A Brief Survey on the Approximation Theory for Sequence Modelling
Haotian Jiang, Qianxiao Li, Zhong Li, Shida Wang
TL;DR
The survey develops a unified view of sequence modelling through classical approximation theory, recasting architectures such as RNNs, temporal CNNs, encoder–decoder, and Transformers as hypothesis spaces for sequence-to-sequence functionals. It delineates universal approximation (density) results, and for several linear or memory-decaying settings, Jackson-type rate and Bernstein-type inverse results, highlighting how memory properties shape approximation efficiency. Key findings include density universality for RNNs under fading memory, Jackson-type rates tied to memory decay for linear RNNs, and a memory-structure-based comparison between RNNs and CNNs, with Transformer theory remaining largely open for rate results. The article also outlines practical goals (model selection and simplification) and mathematical directions (defining sequence-approximation spaces and exploring optimization/generalization in the sequential regime).
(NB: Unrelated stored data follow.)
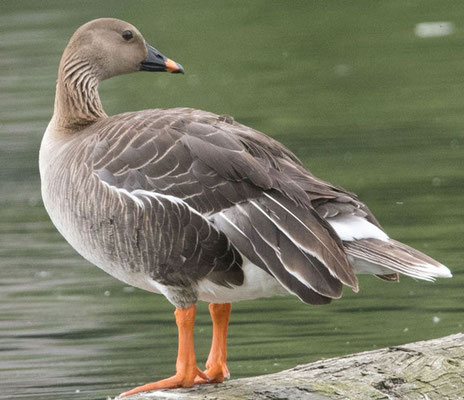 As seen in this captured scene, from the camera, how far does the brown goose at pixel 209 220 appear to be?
5.71 meters

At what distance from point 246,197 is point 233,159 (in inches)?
8.4

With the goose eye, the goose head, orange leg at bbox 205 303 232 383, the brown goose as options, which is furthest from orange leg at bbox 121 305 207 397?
the goose eye

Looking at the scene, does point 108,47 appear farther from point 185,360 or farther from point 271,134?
point 271,134

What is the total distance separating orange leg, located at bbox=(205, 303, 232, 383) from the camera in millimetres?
6305

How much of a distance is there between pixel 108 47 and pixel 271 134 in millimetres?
7720

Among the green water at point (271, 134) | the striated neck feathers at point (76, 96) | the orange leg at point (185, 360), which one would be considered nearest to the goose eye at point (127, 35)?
the striated neck feathers at point (76, 96)

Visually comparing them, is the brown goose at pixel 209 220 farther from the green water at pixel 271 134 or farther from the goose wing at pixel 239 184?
the green water at pixel 271 134

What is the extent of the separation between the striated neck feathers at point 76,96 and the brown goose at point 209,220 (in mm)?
564

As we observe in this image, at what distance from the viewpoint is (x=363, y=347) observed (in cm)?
873

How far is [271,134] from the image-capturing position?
581 inches

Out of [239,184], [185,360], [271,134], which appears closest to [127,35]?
[239,184]

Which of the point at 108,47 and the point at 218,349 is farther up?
the point at 108,47

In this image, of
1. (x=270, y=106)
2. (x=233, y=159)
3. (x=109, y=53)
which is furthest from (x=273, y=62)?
(x=233, y=159)

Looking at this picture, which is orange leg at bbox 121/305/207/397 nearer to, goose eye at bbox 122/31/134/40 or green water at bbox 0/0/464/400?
goose eye at bbox 122/31/134/40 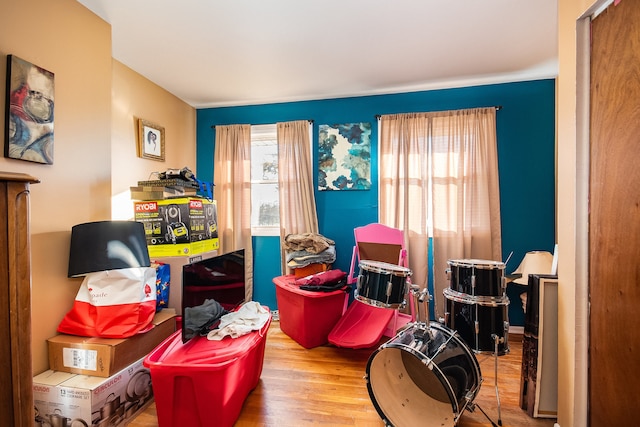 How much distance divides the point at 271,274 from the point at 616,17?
11.0 feet

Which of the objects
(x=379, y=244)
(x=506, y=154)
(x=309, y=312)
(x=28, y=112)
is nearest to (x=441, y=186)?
(x=506, y=154)

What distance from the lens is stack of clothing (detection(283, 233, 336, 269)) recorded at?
300 centimetres

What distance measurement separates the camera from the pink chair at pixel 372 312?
2580 millimetres

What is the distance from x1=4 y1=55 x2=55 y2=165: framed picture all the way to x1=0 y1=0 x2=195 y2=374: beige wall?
40 mm

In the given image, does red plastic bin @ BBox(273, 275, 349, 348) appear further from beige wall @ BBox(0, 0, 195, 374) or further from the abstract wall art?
beige wall @ BBox(0, 0, 195, 374)

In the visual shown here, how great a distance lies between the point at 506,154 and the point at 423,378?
249 centimetres

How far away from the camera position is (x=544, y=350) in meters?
1.73

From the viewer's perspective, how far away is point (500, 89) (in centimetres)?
301

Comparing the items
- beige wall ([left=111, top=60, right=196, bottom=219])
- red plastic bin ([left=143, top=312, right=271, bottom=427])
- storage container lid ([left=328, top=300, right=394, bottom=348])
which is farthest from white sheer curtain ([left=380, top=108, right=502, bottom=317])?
beige wall ([left=111, top=60, right=196, bottom=219])

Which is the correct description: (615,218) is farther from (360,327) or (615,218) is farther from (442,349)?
(360,327)

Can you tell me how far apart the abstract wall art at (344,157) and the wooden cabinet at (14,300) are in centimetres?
261

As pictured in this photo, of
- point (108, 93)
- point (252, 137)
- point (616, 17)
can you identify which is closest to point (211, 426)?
point (108, 93)

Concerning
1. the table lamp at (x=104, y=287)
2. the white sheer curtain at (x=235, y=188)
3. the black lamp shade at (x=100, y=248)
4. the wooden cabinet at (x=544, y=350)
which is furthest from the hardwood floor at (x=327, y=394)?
the white sheer curtain at (x=235, y=188)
Together, these results provide a blueprint for developing a principled theory of sequence modelling and guiding architecture choice in practice.
Abstract
We survey current developments in the approximation theory of sequence modelling in machine learning. Particular emphasis is placed on classifying existing results for various model architectures through the lens of classical approximation paradigms, and the insights one can gain from these results. We also outline some future research directions towards building a theory of sequence modelling.